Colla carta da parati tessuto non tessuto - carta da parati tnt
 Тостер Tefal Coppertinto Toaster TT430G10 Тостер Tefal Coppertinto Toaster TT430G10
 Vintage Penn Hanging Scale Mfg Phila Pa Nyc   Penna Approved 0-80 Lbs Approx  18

**Task to complete:** Write out every line of the material again, exactly as it reads.

**Solution:**
Colla carta da parati tessuto non tessuto - carta da parati tnt
 Тостер Tefal Coppertinto Toaster TT430G10 Тостер Tefal Coppertinto Toaster TT430G10
 Vintage Penn Hanging Scale Mfg Phila Pa Nyc   Penna Approved 0-80 Lbs Approx  18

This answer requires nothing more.